Table 1. General characteristics.
| SH group (N = 49) | Control group (N = 50) | p | |
| Gender (female) (n, %) | 31 (63.3%) | 30 (60.0%) | 0.738 |
| Age (years) | 48.4 ± 8.1 | 49.0 ± 7.9 | 0.678 |
| FBS (mg/dl) | 89.4 ± 12.7 | 85.1 ± 11.5 | 0.080 |
| TG (mg/dl) | 162.4 ± 49.1 | 127.0 ± 35.2 | 0.001 |
| LDL (mg/dl) | 100.9 ± 31.5 | 88.5 ± 19.4 | 0.020 |
| HDL (mg/dl) | 44.0 ± 6 | 50.0 ± 7.8 | 0.001 |
| FT3 (pg/ml) | 2.8 ± 0.4 | 2.6 ± 0.5 | 0.130 |
| FT4 (ng/dl) | 0.9 ± 0.1 | 1.04 ± 0.1 | 0.090 |
| TSH (mUI/ml) | 10.0 ± 5.1 | 2.9 ± 0.9 | 0.001 |
| BMI (kg/m2) | 26.3 ± 2.3 | 25.3 ± 1.9 | 0.020 |
| Mean SBP (mmHg) | 115.4 ± 6.3 | 114.5 ± 5.7 | 0.470 |
| Mean DBP (mmHg) | 69.9 ± 4 | 64.5 ± 6.1 | 0.001 |
| Daytime SBP (mmHg) | 122.4 ± 5.5 | 120.5 ± 6.0 | 0.120 |
| Daytime DBP (mmHg) | 73.8 ± 4.7 | 69 ± 6.1 | 0.001 |
| Nighttime SBP (mmHg) | 107.2 ± 7.4 | 103.7 ± 7.2 | 0.010 |
| Nighttime DBP (mmHg) | 63.2 ± 5.4 | 57.2 ± 5.7 | 0.001 |
| Systolic dipping (n,%) | 33 (67.3%) | 39 (78.0%) | 0.230 |
| Diastolic dipping (n,%) | 25 (51.0%) | 37 (74.0%) | 0.010 |
| Any dipping (n, %) | 40 (81.6%) | 46 (92%) | 0.127 |
BMI, body mass index; DBP, diastolic blood pressure; FBS, fasting blood sugar; FT3, triiodothyronine; FT4, free thyroxine; HDL-C, high-density lipoprotein cholesterol; LDL-C, low-density lipoprotein cholesterol; SBP, systolic blood pressure; SH, subclinic hypothyroidism; TG, triglyceride; TSH, thyroid-stimulating hormone.

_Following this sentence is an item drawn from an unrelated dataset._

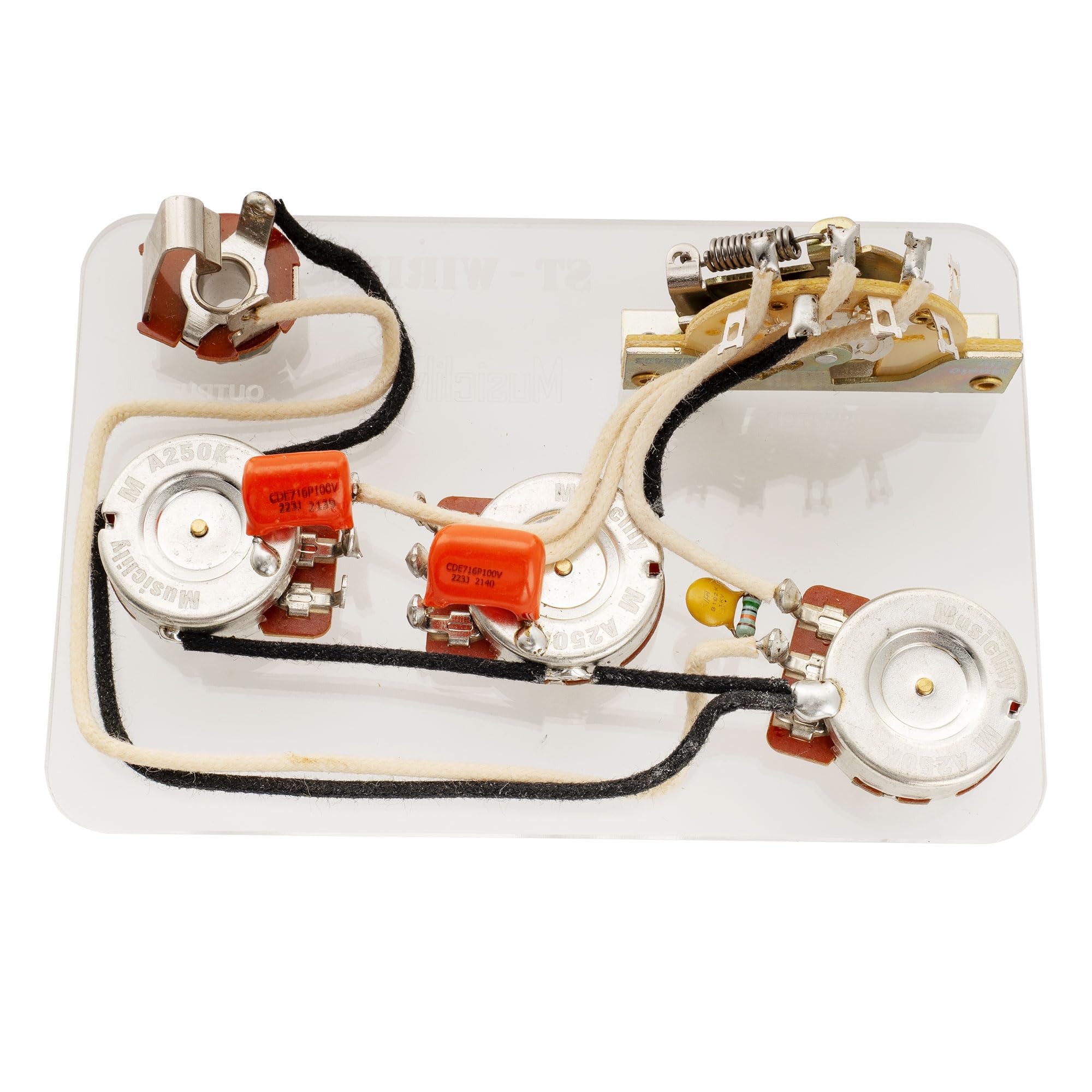 Amazon | Musiclily Pro ストラトギターオート分割配線済みキット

When we looked at the ABPM results, 83 (83.8%) patients had a dipping pattern, and 3 (3.03%) patients had an extreme dipping pattern (BP fall ≥ 20%). Only 13 of the study group was non-dipper. Mean diastolic, daytime diastolic, nightime diastolic, and nightime systolic BP were significantly higher in the subclinic hypothyroidism group (p = 0.001 for mean, daytime, and nighttime diastolic and p = 0.01 for nighttime systolic). Diastolic non-dipping was significantly more frequent in the subclinic hypothyroidism group (p = 0.01) (Table 1).

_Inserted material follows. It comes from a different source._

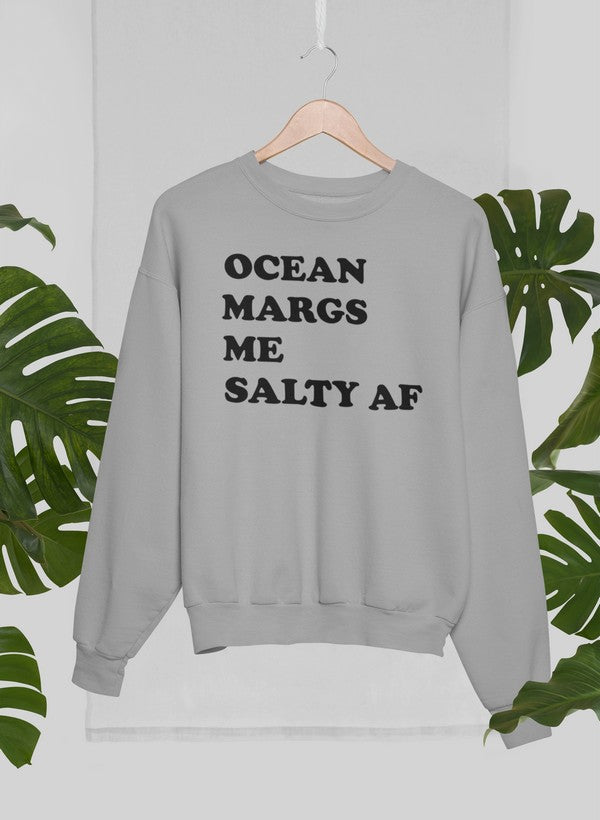 Ocean Margs Me Salty AF Sweat Shirt shopmerchmallow Virgin Teez - Black Hoodie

We searched for factors affecting diastolic dipping (Table 2). Age, gender, laboratory findings and BMI were not significantly different between diastolic dippers and non-dippers. Mean diastolic and nighttime diastolic BP were significantly higher for the diastolic non-dippers (p = 0.01 for mean diastolic pressures and p = 0.001 for nighttime diastolic pressures). There was no significant difference in daytime diastolic BP between diastolic dippers and non-dippers.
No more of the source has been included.